Investigation, Replacement Ongoing for PA Bridge


Earlier this month, the National Transportation Safety Board released an update on its investigation into the collapse of the Fern Hollow Bridge in Pittsburgh, as the first concrete pours for its replacement are scheduled to begin this week.

The NTSB provided an update on the recovery of structural components and tests currently being conducted to evaluated materials used when constructing the bridge, as well as a review of new footage recovered from a transit bus camera system.

Investigation Update

According to the update, in March, investigators reviewed video footage from the time of the collapse from two of the cameras on a Port Authority transit bus.
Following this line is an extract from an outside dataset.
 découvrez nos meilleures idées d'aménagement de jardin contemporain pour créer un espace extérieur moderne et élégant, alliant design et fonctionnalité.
The cameras, one forward-facing and one rear-facing the curbside, were determined to have “investigative value” with frames depicting events of interest.
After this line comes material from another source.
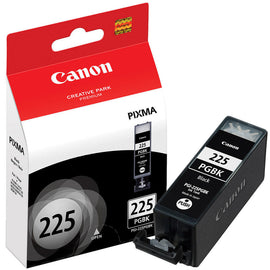 Original Canon® PGI225 Black Ink Tank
The first frame, from the forward-facing camera, reportedly shows the bridge deck separating at the east expansion joint. The second frame, from the curbside camera, reportedly shows that, at nearly the same time, the west end of the bridge had already fallen off the west abutment.

The NTSB states that a factual report of the video examination will be completed by the group members and included in the docket for this investigation.

“Thus far, the investigation has not found any evidence of widespread deficiencies with rigid K-frame superstructure types,” wrote the NTSB. “All aspects of the collapse remain under investigation while the NTSB determines the probable cause, with the intent of issuing safety recommendations to prevent similar events.”

While NTSB investigators were on-scene during the demolition process, some structural bridge components were initially examined underneath the collapsed structure and, as they were uncovered, they were documented in place before removal. These components were then furthered examined using 3D laser scanning technology.

The NTSB reports that the bulk of the retained sections are being housed at the FHWA’s Turner-Fairbank Highway Research Center in McLean, Virginia for future testing, and other pieces will be analyzed at the NTSB’s Materials Laboratory. Both the NTSB and FHWA plan to conduct both mechanical and chemical testing on material samples prepared from portions of each bridge leg, as well as several girder sections. Plate dimensions and weld quality will also be examined.

The first frame, from the forward-facing camera, reportedly shows the bridge deck separating at the east expansion joint. 

Additionally, while the preliminary report listed ten vehicle occupants as being injured during the bridge collapse, further investigation has confirmed a total of nine occupants in six vehicles, including the Port Authority transit bus. Of the injuries, two vehicle occupants sustained serious injuries, two injuries were minor, four were uninjured and the injury status of one is unknown.

Replacement Progress

The investigation update came the same day that Pittsburgh and community leaders hosted a virtual townhall meeting to discuss public input and the progress of the project. However, Trib Live reports that Pittsburgh Deputy Mayor Jake Pawlak cautioned residents that the urgent nature of the rebuild and the need for a swift resolution mean that public input and feedback was limited.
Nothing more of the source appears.